The lever cap, along with the current design of metal hand plane, was patented by Leonard Bailey in 1858.
There have been minor revisions over the years, but the lever cap has remained functionally unchanged for the last 160 years since its invention.
What Does the Lever Cap Do?
The lever cap holds the blade assembly (cap iron and plane iron) tight to the bed of the frog. The lever cap removes the need for a wedge to secure the blade, as on traditional wooden planes. This is one of the features on the Bailey plane design that gets rid of the need for a hammer to adjust the plane.
The lever cap places even force across the edge of the chip breaker and plane iron.
This is necessary because metal planes have a thin blade that can flex and vibrate during use, which is called chatter. Chatter on the blade can result in an uneven wood surface and cause the blade to loosen over time.
By pressing down evenly across the cap iron and plane iron, the lever cap makes these three pieces act like one solid wedge.
How Does the Lever Cap Work?
The lever cap works by using a cam lock to apply tension between the cap screw and the frog to which it’s attached.
The cam lock has two settings, tight and loose.
There’s a flat spring attached to the bottom of the lever cap that makes it snap to one of two positions.

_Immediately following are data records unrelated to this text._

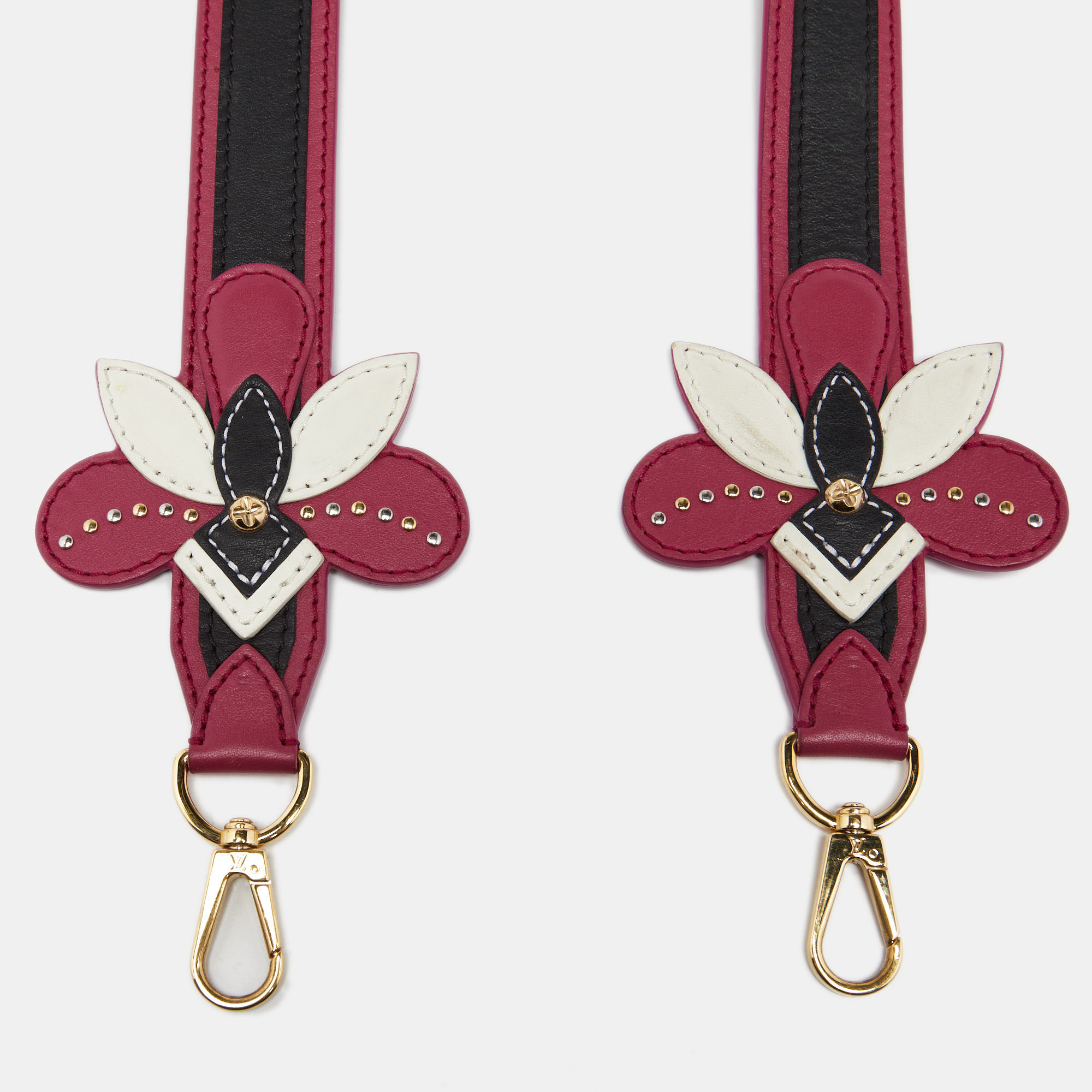 

Louis Vuitton Multicolor Leather Embellished Shoulder Strap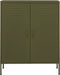 vidaXL - Opbergkast - 80x35x101,5 - cm - staal - olijfgroen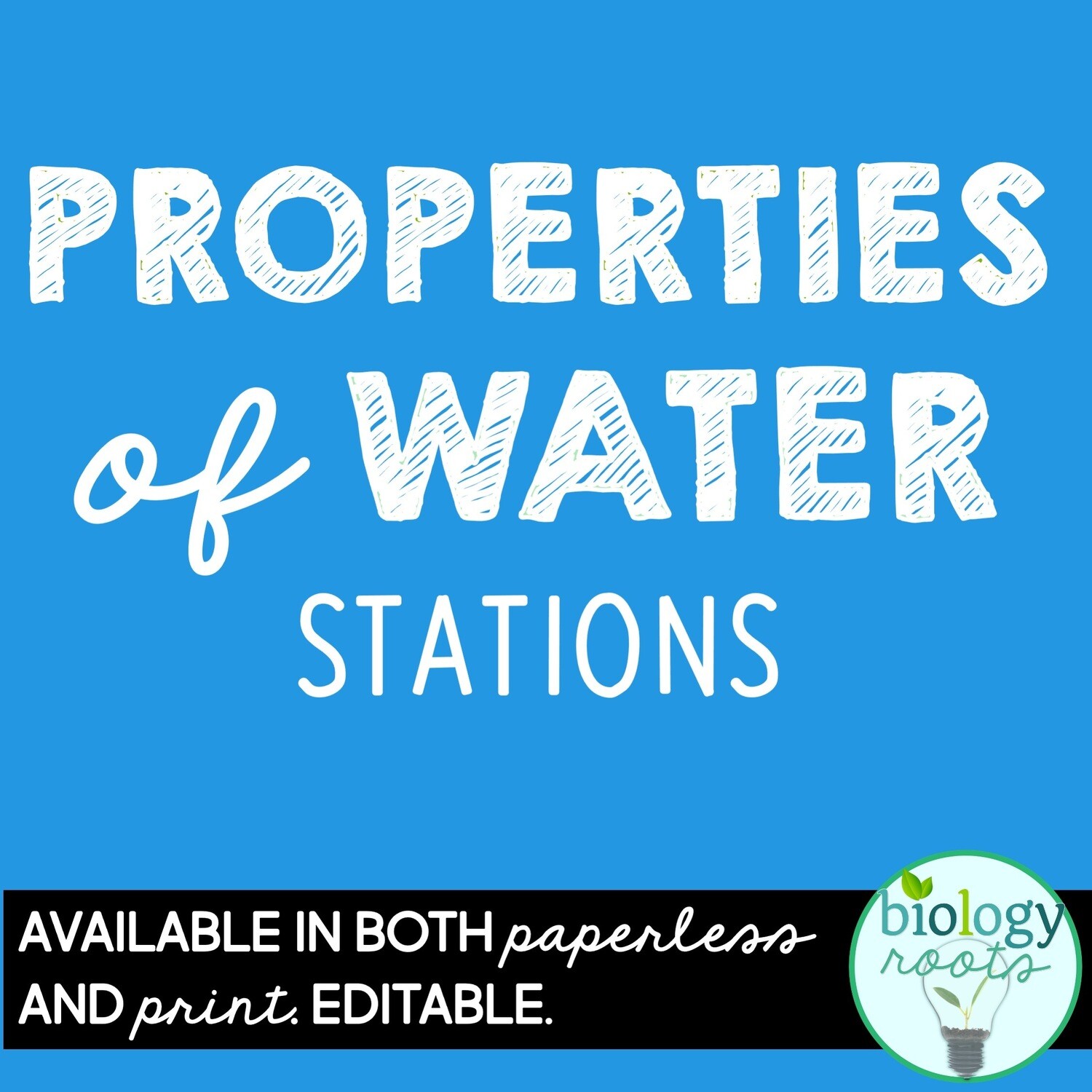 Properties of Water Stations (print and digital) Store Biology Roots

The fulcrum of the lever has a square shape with one wider side. When that side is up it puts tension on the blade assembly and holds it to the frog.
Tuning the Lever Cap
The tension on the lever cap is fine-tuned by rotating the cap screw with a flathead screwdriver. As you get experience tuning a hand plane, you will learn to feel a perfect fit on the lever cap. Functionally, it should be tight enough that the blade doesn’t shift while you’re operating the hand plane, but loose enough that it is easy to adjust the blade with the depth adjustment nut and the lateral adjustment lever.
Honing the Lever Cap
Start by placing the lever cap vertically on a whetstone or lapping plate. Pull it in a straight line, keeping it vertical. Repeat until the edge of the lever cap is straight.
Once the edge has been honed, switch to the bottom face of the lever cap. Slide that back and forth against the whetstone to flatten 1/8″ to 1/4″ on the end. Take caution to hold a consistent angle while honing this face.
Continue honing the bottom face until there is a flat continuous plane. This will ensure a solid connection with the chip breaker (cap iron).
After honing the lever cap, make sure to treat it with a rust inhibitor to protect the newly exposed metal. You can use oil, paste wax, or Boeshield T-9*, which is my favorite because it goes on as a liquid and dries like a wax.
Now that the lever cap has been honed, it will make solid contact along the chip breaker and ensure that this part of the hand plane is tuned properly.